Un parcours impressionnant mais qui ne convainc pas tout le monde, loin de là. « Abbas Jaber est très sympathique, il a beaucoup d’intuition et un sens des affaires aiguisé, décrypte un ancien proche. Mais s’il n’inspire pas vraiment confiance aux grandes institutions financières et n’est pas totalement reconnu par ses pairs, c’est parce qu’il est incapable de déployer une véritable stratégie industrielle et de s’en donner les moyens. » Négociant un jour, négociant toujours ? « On a prouvé notre savoir-faire en tant qu’industriels », conteste Jean-Jacques Chateau.
Dès les années 1990, celui qui affirme « détester les monopoles » bouleverse le monde du négoce alimentaire à destination de l’Afrique.
Méprisé… mais copié
Né le 18 juin 1958 à Thiès (Sénégal) dans une famille de sept enfants, Abbas Jaber ne laisse personne indifférent. Dès les années 1990, celui qui affirme « détester les monopoles » bouleverse le monde du négoce alimentaire à destination de l’Afrique.

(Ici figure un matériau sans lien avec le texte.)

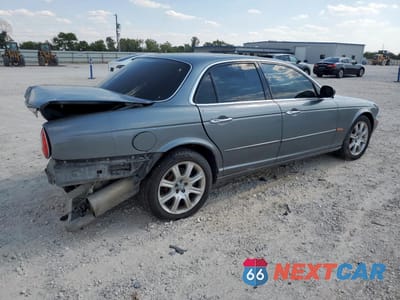 Trzecie zdjęcie samochodu z tyłu: 2004 JAGUAR XJ8 VIN:SAJWA71C94SG25357 - miniatura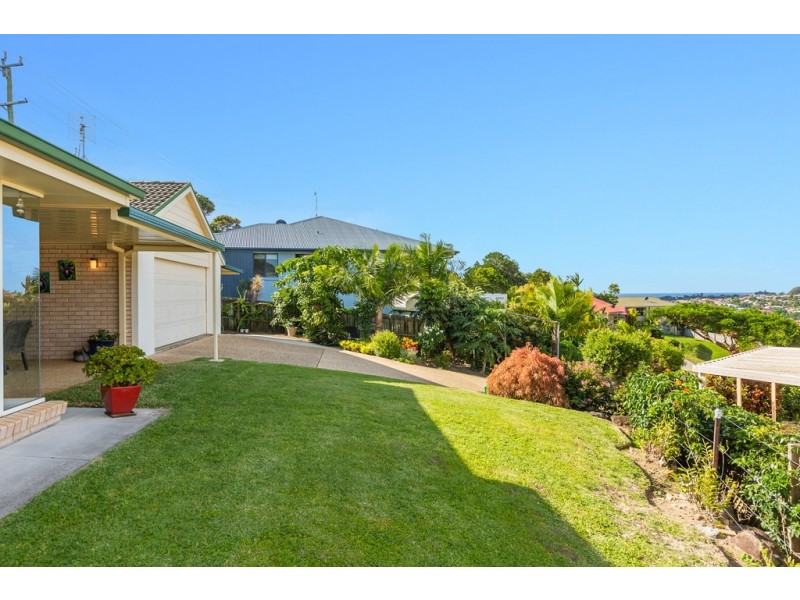 6 Kerry Court, Banora Point NSW 2486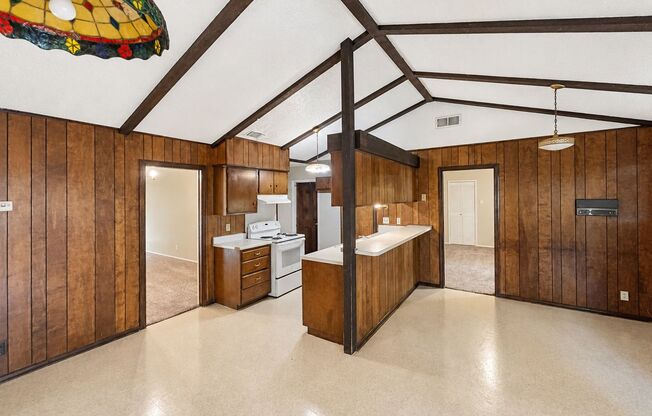 Spacious single-story rental offering 3 bedrooms, 2 full baths and approximately 1,405 square feet - Conveniently located near Loop 410, I-35, Wurzbach Parkway, shopping, dining, San Antonio International Airport and Fort Sam Houston.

Parti de rien, « il affrète des vraquiers entiers à une époque où les bateaux qui desservent l’Afrique sont composés pour moitié de conteneurs et pour moitié de vrac », se souvient un proche. En chargeant jusqu’à 30 000 tonnes de denrées dans un seul bateau, il parvient à être compétitif face aux géants du secteur. Ces derniers le regardent avec circonspection, persuadés que Jaber’s Négoce, la société qu’il a fondée en 1988, va couler.

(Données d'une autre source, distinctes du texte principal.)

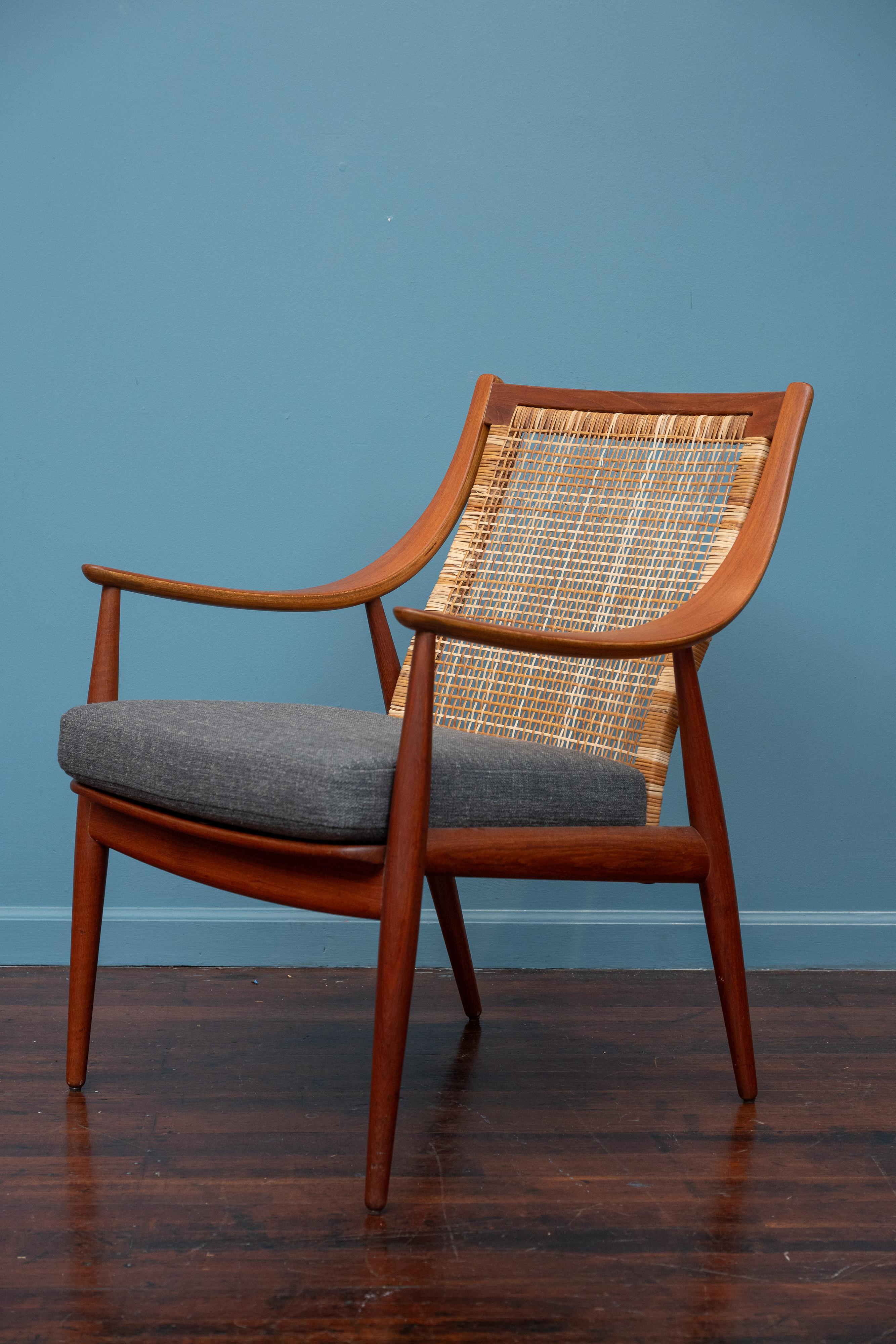 Peter Hvidt & Orla Molgaard Lounge Chair, Model FD 146 Bon état - En vente à San Francisco, CA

Dix ans plus tard, pourtant, le mensuel économique L’Expansion classe son entreprise parmi les plus belles réussites de la décennie en France. Il achemine jusqu’à 350 000 tonnes de denrées alimentaires par an en Afrique de l’Ouest et en Afrique centrale. « On m’a dénigré et mis des bâtons dans les roues, explique-t-il alors au journaliste venu l’interroger. Boycotté par des fournisseurs hexagonaux, j’ai dû m’approvisionner aux Pays-Bas et en Allemagne. Moralité : même lorsqu’on est hypercompétent, l’intégration dans la société française ne va pas sans mal. » Méprisé mais copié, Abbas Jaber pense déjà au coup d’après : s’ancrer davantage en Afrique en devenant un agro-industriel et en contrôlant sa logistique.
Fleuron
En 2003, alors qu’il songe à créer une usine de raffinage d’huile, on le met sur la piste de la Société nationale de commercialisation des oléagineux au Sénégal (Sonacos), dont la privatisation s’annonce. Il se lance dans l’opération et, après deux ans de procédure – il avait détaillé sa vision du secteur directement au président Abdoulaye Wade -, bat les consortiums concurrents, dont l’un est emmené par le marocain Lesieur Cristal.

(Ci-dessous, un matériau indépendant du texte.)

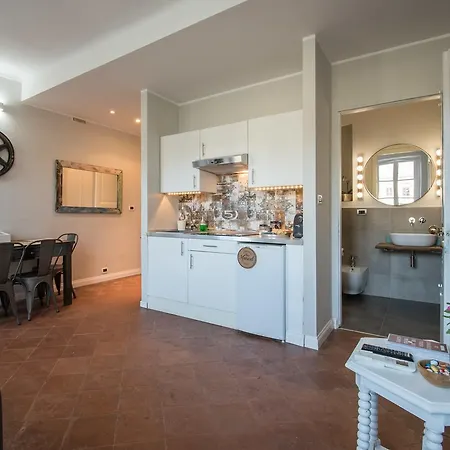 Old Town Apartment *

En 2006, il pointe son nez dans une autre privatisation, celle de Dagris, l’ex-fleuron français du coton, dont l’une des principales filiales est basée au Sénégal. Sofiprotéol, le géant hexagonal des oléagineux, et quelques puissants alliés décrochent le Graal, mais, au dernier moment, l’opération est bloquée au plus haut niveau : Abdoulaye Wade plaide en faveur d’un repreneur africain, son homologue français, Nicolas Sarkozy, aussi. L’establishment parisien, qui ne goûte guère le style Jaber, fulmine.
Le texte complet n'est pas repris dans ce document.